Segment Open
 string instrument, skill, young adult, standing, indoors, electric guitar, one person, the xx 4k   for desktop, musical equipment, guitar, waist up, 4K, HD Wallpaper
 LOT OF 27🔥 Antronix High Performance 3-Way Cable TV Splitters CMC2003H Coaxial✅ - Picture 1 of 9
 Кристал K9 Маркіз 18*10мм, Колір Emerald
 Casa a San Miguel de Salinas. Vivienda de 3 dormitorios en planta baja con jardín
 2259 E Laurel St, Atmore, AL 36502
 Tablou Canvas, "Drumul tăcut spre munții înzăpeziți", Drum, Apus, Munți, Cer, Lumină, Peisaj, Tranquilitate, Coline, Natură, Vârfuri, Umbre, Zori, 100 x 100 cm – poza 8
Segment Closed
■ Try it:
Up to and including the line that contains "Кристал K9 Маркіз 18*10мм, Колір Emerald", restate word for word every line of the entries, starting from the first.

■ Exercise result:
 string instrument, skill, young adult, standing, indoors, electric guitar, one person, the xx 4k   for desktop, musical equipment, guitar, waist up, 4K, HD Wallpaper
 LOT OF 27🔥 Antronix High Performance 3-Way Cable TV Splitters CMC2003H Coaxial✅ - Picture 1 of 9
 Кристал K9 Маркіз 18*10мм, Колір Emerald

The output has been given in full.